The core idea is thus when you read a record, you read it’s value and version. Later, when you try to commit an update, the system checks whether the record is still at that same version. If someone else updated it first, your commit is rejected.

A practical analogy is a Git workflow. You check out a commit, edit a file, and prepare a merge. If the file changed on main since your checkout, Git refuses a clean merge and forces you to reconcile. MVCC is doing the same thing for key-value state (you built your update on an older version, can’t apply it as is).

In Hyperledger Fabric, MVCC is best thought of as optimistic, version based validation tied to it’s transaction model, where endorsers simulate against a snapshot and capture which committed version they depended on, committing peers later check those versions haven’t changed. If they have the transaction is deterministically invalidated during validate/commit.

Execute, Order, Validate

Fabric executes chaincode before ordering. Endorsing peers simulate the transaction and produce a read-write set (RWSet), which is then sent to the ordering service and later validated/committed by all peers. The official transaction-flow description is explicit that endorsers “execute … against the current state database to produce … read set, and write set” and that “no updates are made to the ledger at this point.”

That design buys throughput because simulations can run in parallel across peers and clients. It also creates the central risk: two transactions can be simulated against the same snapshot of world state, both appear internally consistent during simulation, and only later collide when the network tries to commit them in a single, total order. Fabric resolves that collision deterministically in the validate phase by applying MVCC checks at commit time.

sequenceDiagram
    participant Client
    participant Endorser as Endorsing Peer
    participant Orderer
    participant Committer as Committing Peer

    Client->>Endorser: Proposal
    Endorser->>Endorser: Simulate against current world state
    Endorser->>Endorser: Build RWSet
    Endorser-->>Client: ProposalResponse

    Client->>Orderer: Submit endorsed transaction
    Orderer->>Orderer: Total order + batch into block
    Orderer-->>Committer: Deliver block

    Committer->>Committer: VSCC
    Committer->>Committer: MVCC
    Committer->>Committer: Apply WriteSet for valid txs, tag invalid txs

Kwame transfers tokens

Assume an account-based token chaincode where balances live in world state as keys:

bal:kwame -> 100
bal:barma -> 5

Kwame submits a transfer of 60 tokens to Barma. The chaincode does the typical read, modify, write:

Read bal:kwame and bal:barma
Check kwame >= 60
Write new balances

What gets recorded during simulation

During simulation at an endorser, the read-set records the keys read and their committed version numbers, the write-set records the keys written and their new values.

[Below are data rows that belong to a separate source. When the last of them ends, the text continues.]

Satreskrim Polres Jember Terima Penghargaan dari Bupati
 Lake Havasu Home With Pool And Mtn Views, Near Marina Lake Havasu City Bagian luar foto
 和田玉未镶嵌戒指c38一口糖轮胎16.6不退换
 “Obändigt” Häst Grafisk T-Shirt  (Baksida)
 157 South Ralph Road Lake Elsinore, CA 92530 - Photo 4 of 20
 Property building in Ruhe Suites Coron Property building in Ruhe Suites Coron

For Kwame’s transfer, a simplified RWSet could look like this:

{
  "ns": "tokencc",
  "read_set": [
    { "key": "bal:kwame", "version": { "block_num": 120, "tx_num": 3 } },
    { "key": "bal:barma",   "version": { "block_num": 119, "tx_num": 9 } }
  ],
  "write_set": [
    { "key": "bal:kwame", "value": "40" },
    { "key": "bal:barma",   "value": "65" }
  ]
}

Fabric uses a blockchain height based versioning scheme.¹ The version of a key is the height of the transaction that last committed the key, represented as a tuple $\langle \text{blockNum}, \text{txNum} \rangle$ , where txNum is the index of the transaction within the block (starting at 0).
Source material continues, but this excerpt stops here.